Della sua professoressa - la cui storia racconto in Un nome (Giuntina) - Margherita Hack ha parlato diverse volte, con una fedeltà che trovo commovente. Lei, la scienziata affermata. Vi segnalo in particolare una conversazione con Daniela Gross pubblicata su Pagine ebraiche, con un titolo che forse è la cosa più bella: Ho scelto la libertà nel nome di Enrica.
Margherita Hack incontrò per l'ultima volta la sua professoressa in una via del centro di Firenze, quando ormai si era scatenata la grande caccia all'ebreo. Mi parve un animale braccato.

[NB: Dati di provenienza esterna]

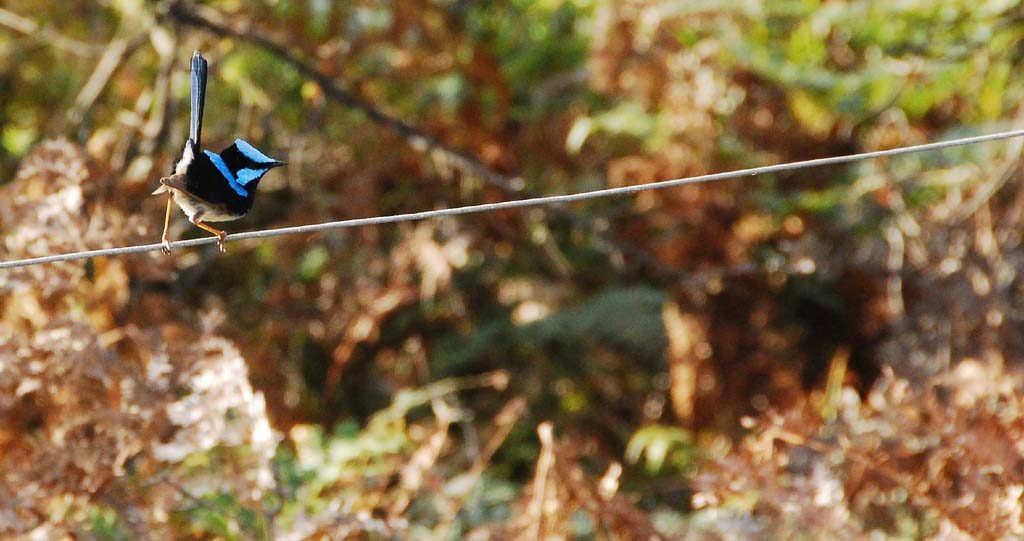 Oiseau câble corde fil Oiseau câble corde fil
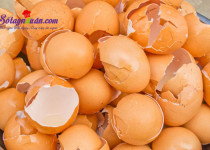 Đừng bỏ vỏ trứng bởi tác dụng thần kỳ của nó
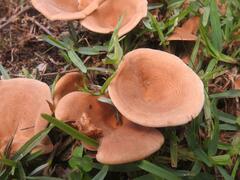 Lactarius hepaticus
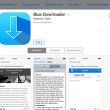 - Blue Downloader   App Store,  
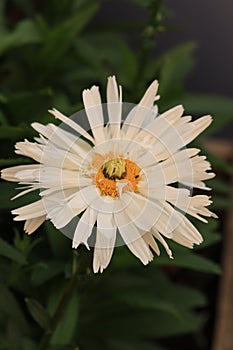 Macro close up of a white aster photo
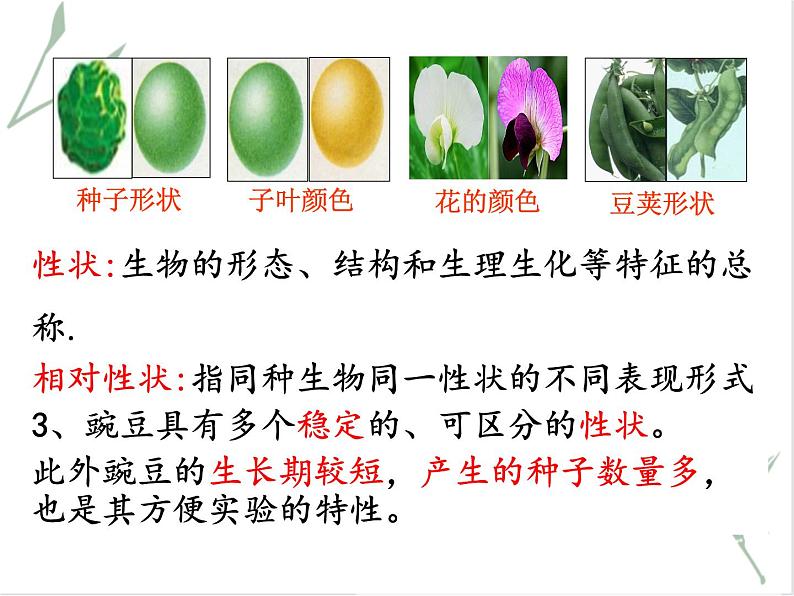 孟德尔从一对相对性状的杂交实验中总结出分离定律PPT课件免费下载04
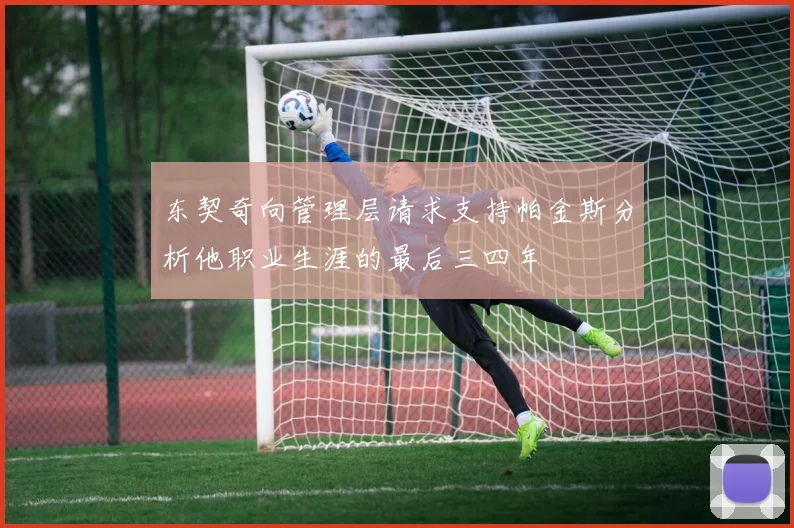 东契奇向管理层请求支持帕金斯分析他职业生涯的最后三四年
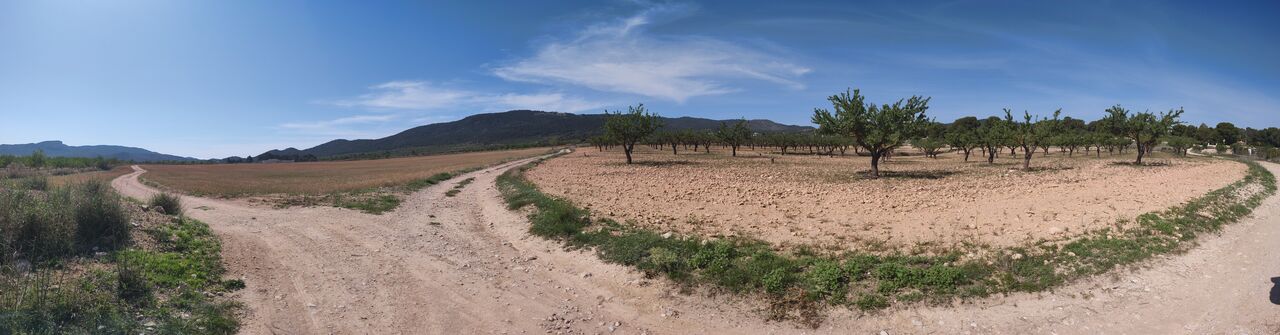 3 Bed, 3 Bath, HouseFor Sale, Pinoso, Alicante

Di lì a poco l'arrestarono e si suicidò nel carcere di Santa Verdiana, alla vigilia di quel treno che la avrebbe dovuto consegnare ai forni di Auschwitz.
Di Enrica Calabresi fino a qualche anno fa era rimasto solo il nome, che non era facile collegare nemmeno all'orrore delle persecuzioni razziali. Sono contento di aver scritto un libro su di lei. Sono contento che Margherita Hack ci abbai dimostrato che scrutare le stelle non è un buon motivo per ignorare le storie degli uomini.
I professori che valgono hanno sempre buoni allievi. E viceversa.